Sorti en octobre 2018, "Pris au piège" était le tout premier livre a revenir sur ces événements qui ont suscité une puissante vague d'émotion en Thaïlande et partout dans le monde.
Lepetitjournal.com Bangkok: À quel moment avez-vous décidé d’écrire un récit sur le sauvetage de Tham Luang ?
Thierry Falise: Mon éditeur Massot Édition, chez qui j’ai déjà publié deux livres, m’a appelé à la fin du mois de juillet 2018. Il avait lu un article sur la légende de la grotte. Cela l’avait intrigué et il m’a demandé si je pensais qu’il y avait assez de matière pour en faire un livre. J’ai directement proposé de l’écrire sous forme de récit plutôt qu'une enquête, car ce qui m’intéressait était de comprendre comment les enfants avaient réagi, ce qui était la partie la plus difficile puisqu’ils ne parlaient que très peu et que leurs apparitions dans les médias étaient contrôlées.
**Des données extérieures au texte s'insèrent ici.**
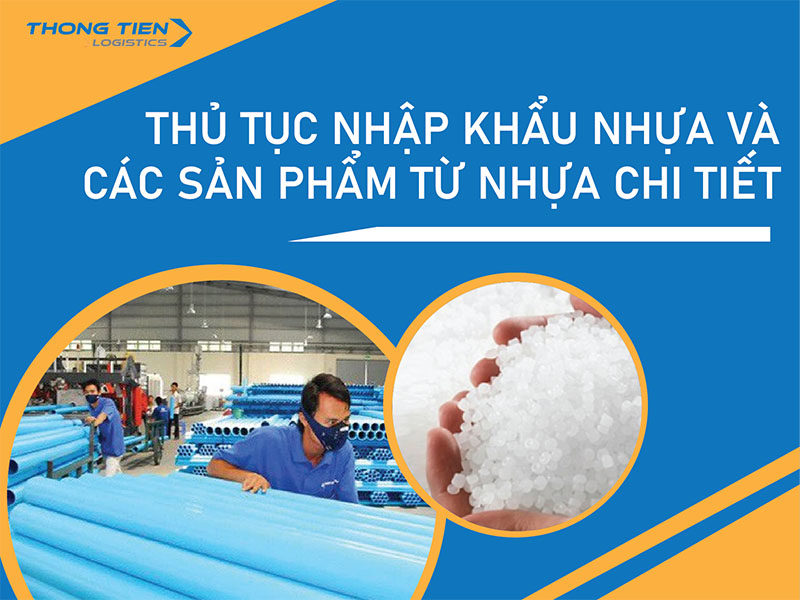 thủ tục nhập khẩu nhựa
J’ai proposé un synopsis à mon éditeur, j’ai fait quelques recherches pour savoir quelles étaient les sources d’informations disponibles, voir s’il était possible de contacter les plongeurs parce que le côté technique est passionnant dans ce sauvetage.
J’ai décidé de faire deux récits parallèles avec d’un côté l’histoire des jeunes footballeurs, leur survie pendant les 10 premiers jours que je fictionnalise en partie avec ce que je connais de la région et sur base de ce qu’ils ont dit lors des différentes conférences de presse et les faits réels. J’ai essayé d’imaginer les conversations que les jeunes ont pu avoir dans la grotte tout en resserrant le plus possible pour être au plus proche de la réalité, c’était une manière d’aborder la culture par ce biais.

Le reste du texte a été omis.